# TASK TO COMPLETE
The span to repeat in the listing below runs from the line containing "Campo de exterminio" to the line containing "chat with ai character: Bambi", inclusive. Repeat it exactly, and only it.

# DATA
------------------------------

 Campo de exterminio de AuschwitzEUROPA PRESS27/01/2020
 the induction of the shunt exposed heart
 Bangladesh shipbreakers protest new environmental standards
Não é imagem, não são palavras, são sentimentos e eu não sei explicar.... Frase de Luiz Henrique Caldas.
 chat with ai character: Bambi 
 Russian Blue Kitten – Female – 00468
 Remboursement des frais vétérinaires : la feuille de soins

------------------------------

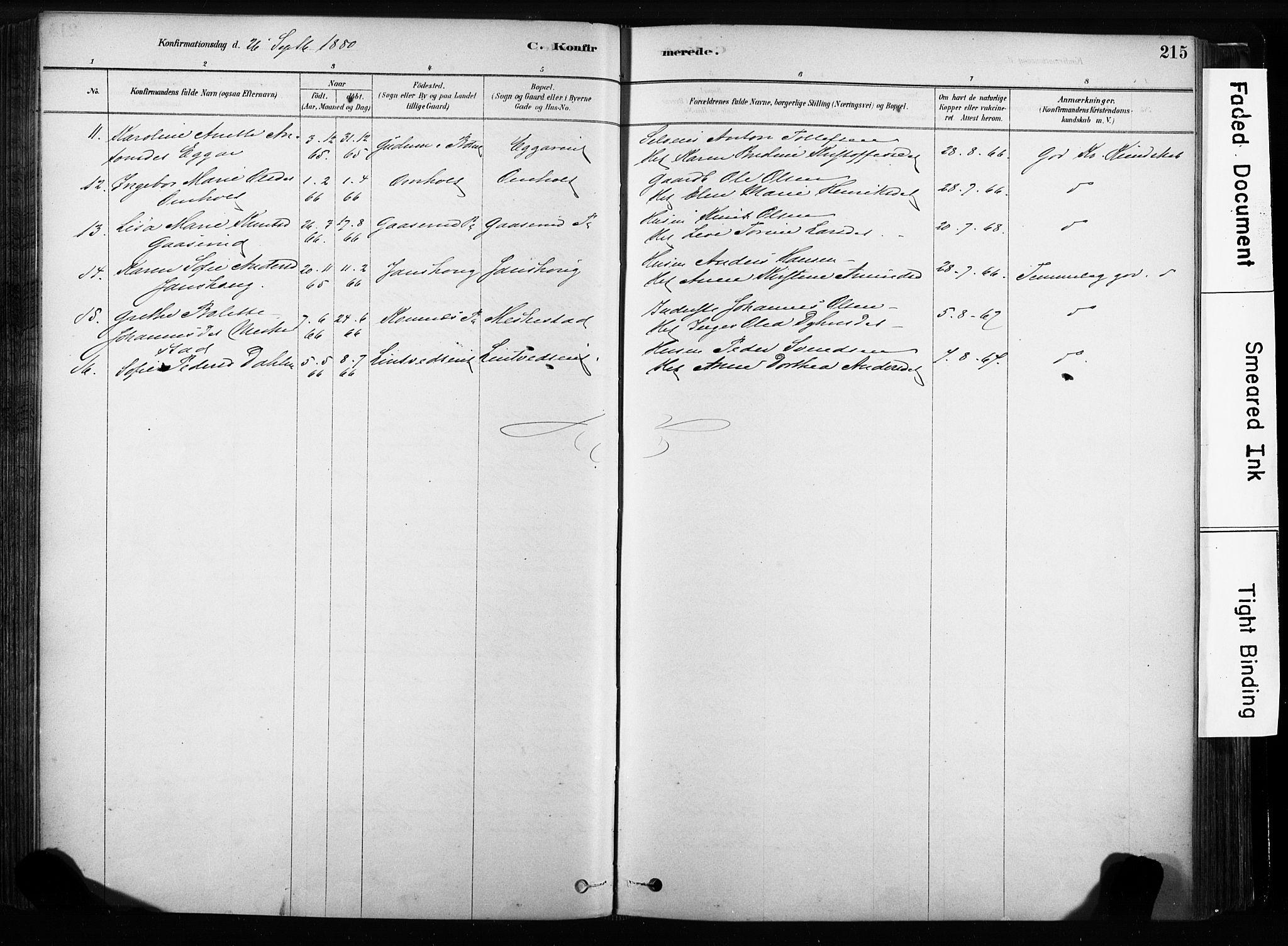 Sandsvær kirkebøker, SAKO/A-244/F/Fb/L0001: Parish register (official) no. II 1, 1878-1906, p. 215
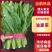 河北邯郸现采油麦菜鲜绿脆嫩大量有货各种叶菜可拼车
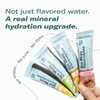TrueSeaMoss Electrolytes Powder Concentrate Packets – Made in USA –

------------------------------

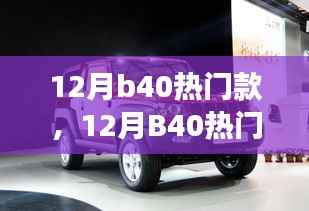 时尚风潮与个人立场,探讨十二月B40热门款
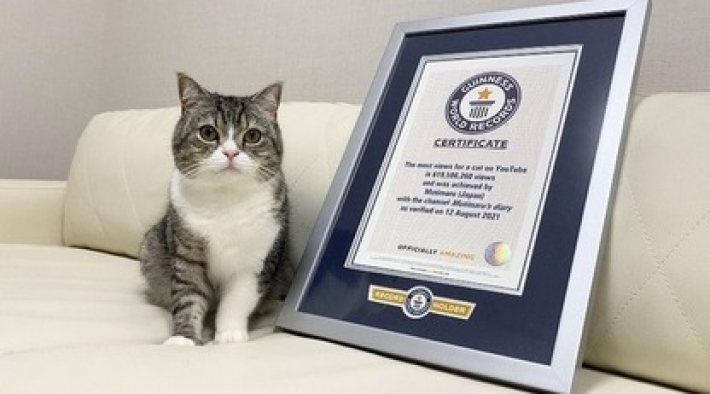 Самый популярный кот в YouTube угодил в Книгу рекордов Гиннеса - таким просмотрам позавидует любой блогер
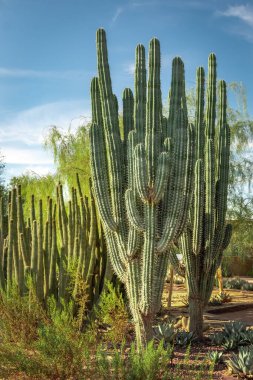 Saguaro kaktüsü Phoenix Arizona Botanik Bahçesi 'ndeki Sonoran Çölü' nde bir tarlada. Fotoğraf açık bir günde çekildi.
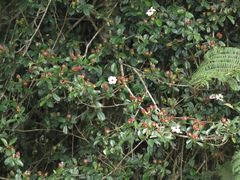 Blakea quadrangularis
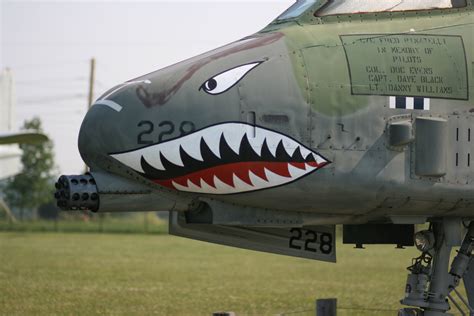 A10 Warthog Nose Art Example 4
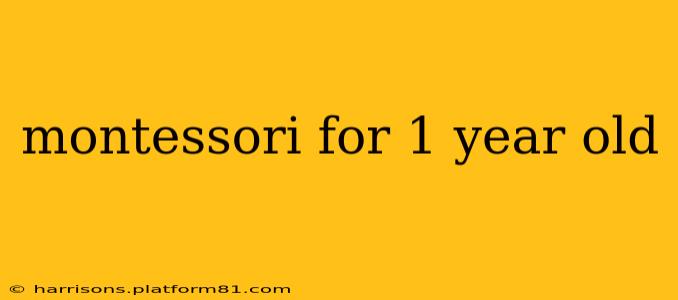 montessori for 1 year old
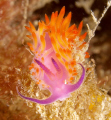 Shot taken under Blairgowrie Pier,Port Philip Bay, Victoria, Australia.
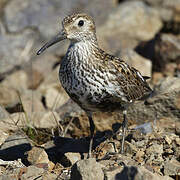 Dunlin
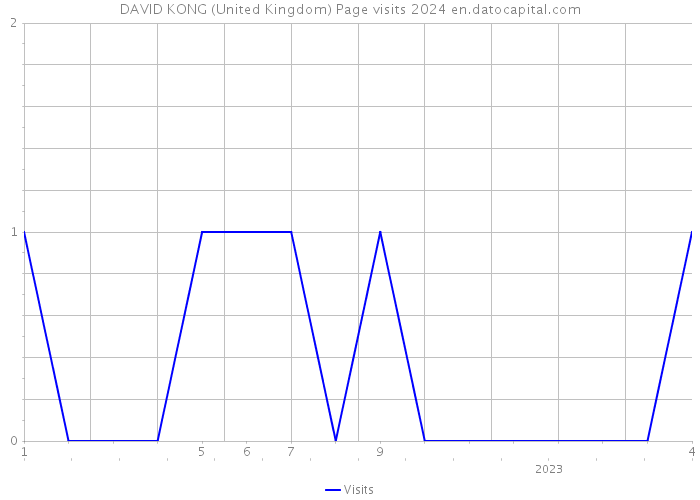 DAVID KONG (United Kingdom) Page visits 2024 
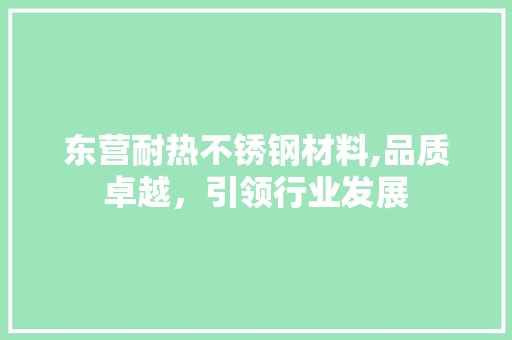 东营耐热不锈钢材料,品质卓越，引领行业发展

------------------------------

# ANSWER BELOW
 Campo de exterminio de AuschwitzEUROPA PRESS27/01/2020
 the induction of the shunt exposed heart
 Bangladesh shipbreakers protest new environmental standards
Não é imagem, não são palavras, são sentimentos e eu não sei explicar.... Frase de Luiz Henrique Caldas.
 chat with ai character: Bambi 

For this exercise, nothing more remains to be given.